拜过高堂,唐昭转头对阿九露出了一个笑容说道“拜过天地,又拜过高堂,只差夫妻对拜便是礼成了。”
虽然一直以唐昭妻子的身份自居,但被唐昭这样一说,阿九有些不好意思起来,但还是说道“就在,就在娘的面前进行夫妻对拜吗?”
唐昭摇了摇头说道“不,要在一个别的重要且有意义的地方才行。”
正在屋中的三人说话之间,天空飞舞着鹅毛大雪,渐渐堆积到一尺来高,将阿九与唐昭困在京郊的别院,也因此,唐昭与阿九在唐老夫人这里多留了几日。
“我的父亲呢?他是怎么死的?”阿九在闲谈时无意识地说起,毕竟于她而言,这也是与阔别了十余年的父母相见的喜悦。
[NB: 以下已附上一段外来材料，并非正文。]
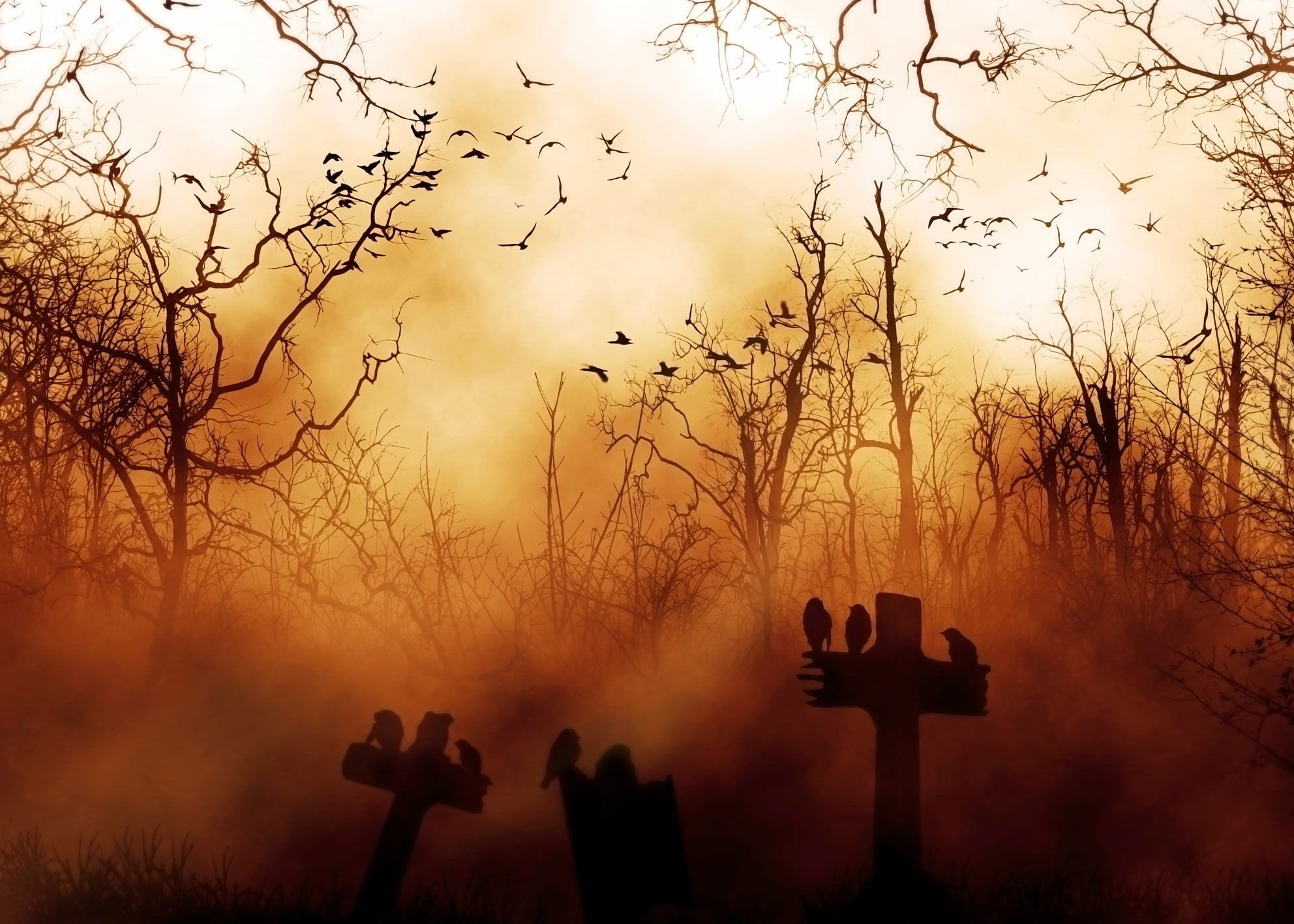 Ljuddämpande tavla - Mystic Cemetery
“本该是战死沙场的,将军们大抵都是这种归宿,”唐老夫人说着,历经风霜而不朽的面庞却露出了些许困惑,“不过,我曾到前线去查看过,那伤来自于背后,不像是被敌军所为而更像是被自己人背刺。”
“母亲,当时军中唐家人气极旺,以至于我后面去前往领兵时都沾了不少光,那么拥戴将领的士兵,不可能做出背刺的事情。”唐昭结合着自己的经历说道。
唐老夫人看向唐昭,神情中带着了些许与之前相同的郑重,“所以这就是我为什么告诉你,不可对任何人掉以轻心,至少你该掌握手下人的动向。”
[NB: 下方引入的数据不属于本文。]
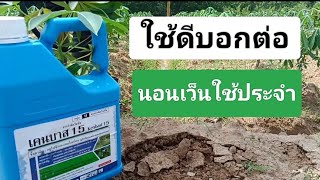 ยาฆ่าหญ้าในแปลงมันสำปะหลัง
阿九心中一动,想起了唐昭那在军中监视的一系列举动,她仿佛明白了这些举措是从何处学来的,然而这说不上卑鄙,也谈不上严酷,这只不过是防止意外与背叛的一种手段。
虽然如此想着,但阿九还是察觉到了些许的不对,但是她并没有反应过来,这问题出现在哪里,她只是单纯的觉得,人不该被无条件的全方位的监视。
不过唐老夫人后续的话,便与那危险的监视话语无关了,她一手抵着太阳穴,神情凝重地沉思着,说道“在上前线之前,我曾进宫求见了一次太后,在路过上书房时曾经听到了些动静,现在想来只怕不是我的幻觉。”
“你听到了什么?”阿九好奇地问道。
“若唐氏满门能战死沙场,朕可将西北六镇尽数割让。”唐老夫人学着记忆中的语气说道,这话在她的心里翻来覆去地念叨了十多年,早已深入骨髓,哪怕死了她也不会忘记的。
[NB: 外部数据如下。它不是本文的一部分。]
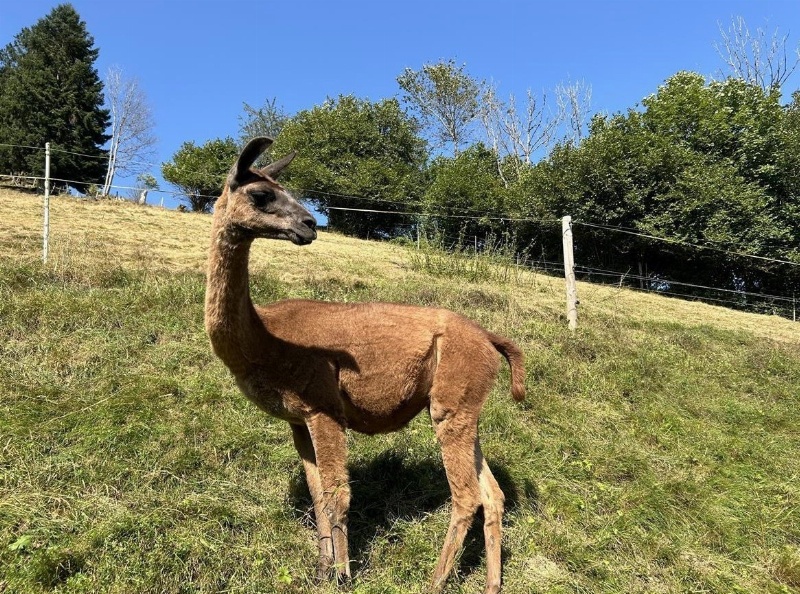 Lama Stute, 2-jährig zu verkaufen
“陛下的话?”唐昭的思绪纷乱,终究还是一拍桌子,什么也没有讲出来。
他身上背着唐氏满门忠烈的名声,便不好多说玄帝的坏话,只能尽全力地保家卫国,以捍卫那些唐家人以生命换来的声誉。
然而其实,从他开始接受这样的使命的时候,他的心里就有那么一丁点的不服气,而随着时间的流逝,这不服越长越大。
于是他深吸了一口气,对唐老夫人说道“陛下若真有此言,结合这多年来的行动可谓昏君。”
这话就极重了,若是让人听见,参唐昭一个以下犯上之罪那是绰绰有余的。
不过大雪封路,在这个偏僻的地方,没有人会因此而向玄帝高密。
唐老夫人看着说出这样话语的唐昭,那神情中没有丝毫责怪他的意味,唐家世代忠良,可她本并非唐家之人,而后又对唐昭说道“昭儿,还记得我将你带来京城说过的第一句话吗?”
唐昭一愣,就听唐老夫人说道“我说你即使改名换姓,也不是唐家人。”
唐昭当然记得这句话,正是这话让他产生了无穷的负罪感,让他总觉得在京中生活是夺走了什么的东西一样,于是便对那些生来即使是权贵的子弟,充满了怨怼。